# Cordata leaves Nurii Flower



## crypts (Jan 4, 2008)

This special nurii recently flower in my cultivation, i like the color. 

More picture here.


----------



## crypts (Jan 4, 2008)

Others in my cultivation:

Purpurea, Johor.









http://natureye.com/cryptocorynes/c-purpurea-flower.html


----------



## crypts (Jan 4, 2008)

Auriculata.










http://natureye.com/cryptocorynes/auriculata-flowering-in-cultivation.html


----------



## bigstick120 (Mar 8, 2005)

Nice photos! What is your setup for the crypts?


----------



## crypts (Jan 4, 2008)

bigstick120 said:


> Nice photos! What is your setup for the crypts?


Hi, thanks.

The tank i uses are various but finally settled with 22 liters plastic container with transparent cover. The key is the substrate, I uses 60-70% leaf peat, sand and some laterite. This setup based on Dr. Neils are suitable for all species of crypts except hard water one, but he uses 100% leaf peat which i found it too light to hole the roots but i think his type of soil are different from mine. Hopes this help.


----------



## ferchu22 (Oct 27, 2007)

Nice spathes!!
What do you mean with leaf peat? Maybe peat moss or leaf litter?
Don't you add some ferts?

Regards,


----------



## crypts (Jan 4, 2008)

ferchu22 said:


> Nice spathes!!
> What do you mean with leaf peat?
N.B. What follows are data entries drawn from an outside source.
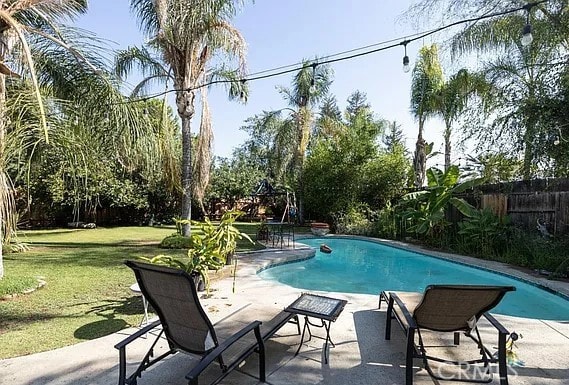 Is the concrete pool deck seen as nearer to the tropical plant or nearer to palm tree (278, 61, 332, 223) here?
the tropical plant

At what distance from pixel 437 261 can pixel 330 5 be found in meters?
8.03

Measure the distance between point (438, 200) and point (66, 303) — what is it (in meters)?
11.2

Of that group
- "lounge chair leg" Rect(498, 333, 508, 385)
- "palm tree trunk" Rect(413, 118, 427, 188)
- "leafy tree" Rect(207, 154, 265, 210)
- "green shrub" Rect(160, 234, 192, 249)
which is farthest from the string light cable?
Result: "leafy tree" Rect(207, 154, 265, 210)

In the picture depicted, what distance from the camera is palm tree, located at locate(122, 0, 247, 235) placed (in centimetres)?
1020

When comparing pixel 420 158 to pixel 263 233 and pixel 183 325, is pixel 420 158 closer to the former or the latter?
pixel 263 233

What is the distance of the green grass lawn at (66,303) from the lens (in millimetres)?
4020

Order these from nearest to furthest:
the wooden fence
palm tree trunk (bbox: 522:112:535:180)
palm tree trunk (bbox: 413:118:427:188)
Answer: palm tree trunk (bbox: 522:112:535:180), the wooden fence, palm tree trunk (bbox: 413:118:427:188)

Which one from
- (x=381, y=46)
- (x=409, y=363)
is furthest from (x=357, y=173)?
(x=409, y=363)

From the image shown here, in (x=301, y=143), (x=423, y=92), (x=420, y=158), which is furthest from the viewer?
(x=420, y=158)

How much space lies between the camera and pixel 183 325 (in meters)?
2.83

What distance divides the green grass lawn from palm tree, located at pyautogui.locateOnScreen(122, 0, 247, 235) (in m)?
3.59

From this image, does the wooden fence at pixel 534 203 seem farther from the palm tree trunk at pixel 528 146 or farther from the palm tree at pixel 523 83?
the palm tree at pixel 523 83

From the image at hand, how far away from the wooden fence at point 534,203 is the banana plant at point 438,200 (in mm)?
658

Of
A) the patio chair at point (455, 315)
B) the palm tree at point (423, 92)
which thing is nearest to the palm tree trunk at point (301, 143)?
the palm tree at point (423, 92) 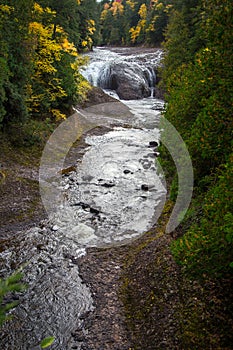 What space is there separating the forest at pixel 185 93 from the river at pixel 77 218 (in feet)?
6.66

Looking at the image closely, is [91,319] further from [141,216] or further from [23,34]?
[23,34]

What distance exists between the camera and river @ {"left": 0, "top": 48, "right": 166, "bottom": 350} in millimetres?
6363

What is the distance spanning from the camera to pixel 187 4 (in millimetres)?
19406

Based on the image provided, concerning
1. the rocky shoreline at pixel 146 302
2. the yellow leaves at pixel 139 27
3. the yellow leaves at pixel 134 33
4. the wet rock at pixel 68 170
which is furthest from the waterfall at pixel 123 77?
the yellow leaves at pixel 134 33

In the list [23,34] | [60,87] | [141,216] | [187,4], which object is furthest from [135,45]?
[141,216]

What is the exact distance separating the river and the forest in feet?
6.66

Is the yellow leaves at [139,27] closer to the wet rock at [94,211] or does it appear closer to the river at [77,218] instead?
the river at [77,218]

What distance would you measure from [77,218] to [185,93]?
5412 mm

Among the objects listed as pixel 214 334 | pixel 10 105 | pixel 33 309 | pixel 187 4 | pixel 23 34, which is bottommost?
pixel 33 309

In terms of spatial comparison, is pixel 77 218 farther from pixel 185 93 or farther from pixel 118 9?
pixel 118 9

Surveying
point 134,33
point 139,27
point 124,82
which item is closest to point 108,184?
point 124,82

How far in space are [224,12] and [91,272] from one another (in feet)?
20.8

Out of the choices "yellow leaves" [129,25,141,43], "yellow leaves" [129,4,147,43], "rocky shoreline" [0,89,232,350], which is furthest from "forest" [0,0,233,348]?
"yellow leaves" [129,25,141,43]

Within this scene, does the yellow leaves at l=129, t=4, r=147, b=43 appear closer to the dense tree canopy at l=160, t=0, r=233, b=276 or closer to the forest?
the forest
Maybe peat moss or leaf litter?
> Don't you add some ferts?
> 
> Regards,


It's black soil + decomposing leaves litter collected under trees. 100% say no to fertilizer please.
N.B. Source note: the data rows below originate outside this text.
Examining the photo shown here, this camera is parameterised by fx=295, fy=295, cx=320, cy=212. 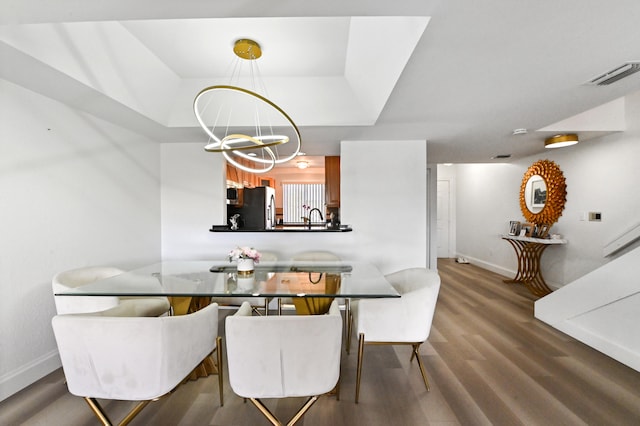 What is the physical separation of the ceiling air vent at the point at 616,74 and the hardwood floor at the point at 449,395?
2.28 meters

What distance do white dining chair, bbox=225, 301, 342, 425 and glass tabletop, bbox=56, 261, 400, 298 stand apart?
1.45 ft

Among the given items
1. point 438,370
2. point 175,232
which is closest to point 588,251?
point 438,370

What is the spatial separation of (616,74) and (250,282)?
3053 mm

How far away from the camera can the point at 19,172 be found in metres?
2.26

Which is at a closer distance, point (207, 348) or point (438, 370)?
point (207, 348)

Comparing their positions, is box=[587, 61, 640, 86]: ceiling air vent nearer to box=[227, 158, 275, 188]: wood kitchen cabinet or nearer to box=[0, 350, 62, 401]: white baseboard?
box=[227, 158, 275, 188]: wood kitchen cabinet

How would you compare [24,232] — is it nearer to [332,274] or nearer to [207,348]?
[207,348]

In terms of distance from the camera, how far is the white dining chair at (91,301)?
209 centimetres

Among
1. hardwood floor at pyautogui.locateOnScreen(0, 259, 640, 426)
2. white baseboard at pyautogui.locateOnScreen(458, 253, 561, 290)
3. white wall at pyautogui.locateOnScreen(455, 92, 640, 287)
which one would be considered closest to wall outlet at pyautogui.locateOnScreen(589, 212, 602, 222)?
white wall at pyautogui.locateOnScreen(455, 92, 640, 287)

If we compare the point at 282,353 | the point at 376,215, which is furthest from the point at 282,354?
Answer: the point at 376,215

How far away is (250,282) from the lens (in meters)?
2.22

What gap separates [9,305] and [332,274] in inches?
96.5

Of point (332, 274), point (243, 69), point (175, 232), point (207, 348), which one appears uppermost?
point (243, 69)

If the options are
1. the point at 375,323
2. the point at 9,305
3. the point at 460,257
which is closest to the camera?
the point at 375,323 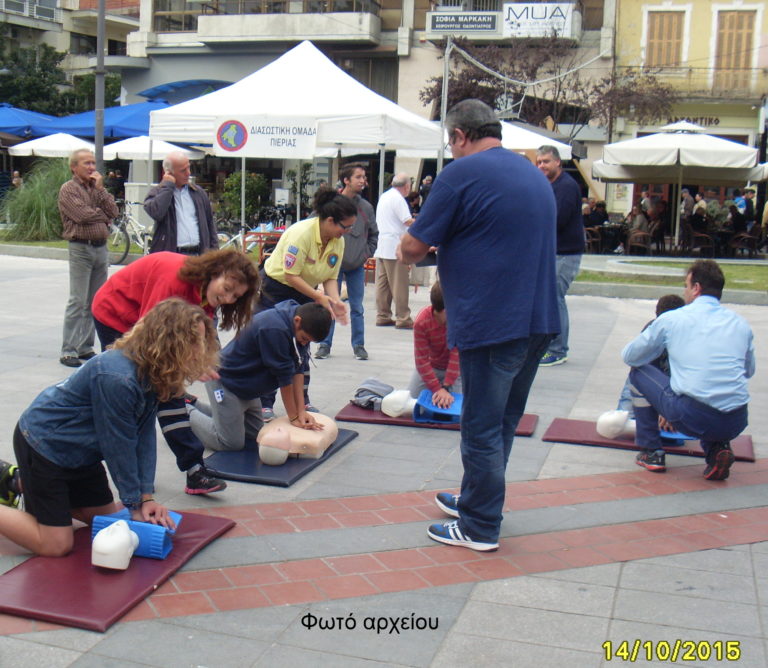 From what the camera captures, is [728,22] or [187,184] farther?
[728,22]

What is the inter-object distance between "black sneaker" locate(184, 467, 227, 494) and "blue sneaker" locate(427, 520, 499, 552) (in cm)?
107

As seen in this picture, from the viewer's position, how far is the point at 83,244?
291 inches

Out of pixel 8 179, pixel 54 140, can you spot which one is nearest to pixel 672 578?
pixel 54 140

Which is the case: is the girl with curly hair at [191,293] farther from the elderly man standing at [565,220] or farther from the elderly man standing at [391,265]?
the elderly man standing at [391,265]

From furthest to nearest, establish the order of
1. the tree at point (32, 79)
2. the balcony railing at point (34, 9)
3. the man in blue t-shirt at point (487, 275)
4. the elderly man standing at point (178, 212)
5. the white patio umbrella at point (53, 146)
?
the balcony railing at point (34, 9), the tree at point (32, 79), the white patio umbrella at point (53, 146), the elderly man standing at point (178, 212), the man in blue t-shirt at point (487, 275)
Jan's showing the type of soil under fagus trees but not limited to it, it could be any types of tree near you.


----------



## Gordonrichards (Apr 28, 2009)

So you collected soil under trees in a forest?
Any special conditions regarding location?
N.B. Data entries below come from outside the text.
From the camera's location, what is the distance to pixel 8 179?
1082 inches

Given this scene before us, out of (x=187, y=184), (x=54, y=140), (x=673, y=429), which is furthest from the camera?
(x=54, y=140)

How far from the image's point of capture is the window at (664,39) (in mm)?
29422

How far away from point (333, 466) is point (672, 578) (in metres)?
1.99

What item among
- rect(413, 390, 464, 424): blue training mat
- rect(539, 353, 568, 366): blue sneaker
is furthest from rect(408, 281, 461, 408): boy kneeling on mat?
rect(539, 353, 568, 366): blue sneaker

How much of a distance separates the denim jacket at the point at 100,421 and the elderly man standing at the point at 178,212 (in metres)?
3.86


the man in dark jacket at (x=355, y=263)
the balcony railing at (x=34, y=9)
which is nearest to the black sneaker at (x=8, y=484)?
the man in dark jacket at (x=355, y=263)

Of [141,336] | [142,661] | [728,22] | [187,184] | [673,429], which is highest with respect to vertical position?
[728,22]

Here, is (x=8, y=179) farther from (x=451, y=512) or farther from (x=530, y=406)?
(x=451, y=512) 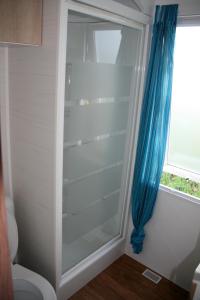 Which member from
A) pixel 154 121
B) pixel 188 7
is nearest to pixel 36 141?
pixel 154 121

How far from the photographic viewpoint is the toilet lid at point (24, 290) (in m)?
1.83

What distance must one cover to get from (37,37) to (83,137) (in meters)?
0.82

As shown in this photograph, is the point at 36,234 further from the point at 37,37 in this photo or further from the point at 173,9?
the point at 173,9

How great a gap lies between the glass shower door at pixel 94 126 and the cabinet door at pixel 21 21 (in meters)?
0.30

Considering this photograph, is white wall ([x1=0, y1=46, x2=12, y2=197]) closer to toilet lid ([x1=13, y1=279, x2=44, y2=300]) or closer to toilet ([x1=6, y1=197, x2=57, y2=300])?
toilet ([x1=6, y1=197, x2=57, y2=300])

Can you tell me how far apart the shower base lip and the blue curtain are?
0.24 m

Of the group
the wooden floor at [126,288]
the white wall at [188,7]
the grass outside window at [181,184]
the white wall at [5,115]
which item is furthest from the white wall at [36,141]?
the grass outside window at [181,184]

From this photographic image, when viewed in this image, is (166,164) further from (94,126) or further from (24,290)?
(24,290)

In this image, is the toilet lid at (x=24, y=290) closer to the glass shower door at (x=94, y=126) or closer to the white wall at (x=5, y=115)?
the glass shower door at (x=94, y=126)

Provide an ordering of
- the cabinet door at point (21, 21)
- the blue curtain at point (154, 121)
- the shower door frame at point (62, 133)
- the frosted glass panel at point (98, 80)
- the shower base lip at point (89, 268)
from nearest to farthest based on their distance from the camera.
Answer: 1. the cabinet door at point (21, 21)
2. the shower door frame at point (62, 133)
3. the frosted glass panel at point (98, 80)
4. the blue curtain at point (154, 121)
5. the shower base lip at point (89, 268)

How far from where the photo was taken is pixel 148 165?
2309 millimetres

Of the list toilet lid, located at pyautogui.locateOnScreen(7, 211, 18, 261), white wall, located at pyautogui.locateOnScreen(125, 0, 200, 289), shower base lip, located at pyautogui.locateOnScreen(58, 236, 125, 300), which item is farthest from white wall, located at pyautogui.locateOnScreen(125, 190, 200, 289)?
toilet lid, located at pyautogui.locateOnScreen(7, 211, 18, 261)

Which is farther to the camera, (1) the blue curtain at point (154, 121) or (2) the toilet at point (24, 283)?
(1) the blue curtain at point (154, 121)

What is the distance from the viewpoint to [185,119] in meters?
2.25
Did you cook the soil prior to adding it to your tanks?

-Gordon


----------



## crypts (Jan 4, 2008)

Gordonrichards said:


> So you collected soil under trees in a forest?
> Any special conditions regarding location?
> 
> Did you cook the soil prior to adding it to your tanks?
> ...


Not necessary a forest, I collected mine under big Enterolobium saman or rain trees near my office.

I soak it underwater for few days, you can boil it if you want but I didn't do that.


----------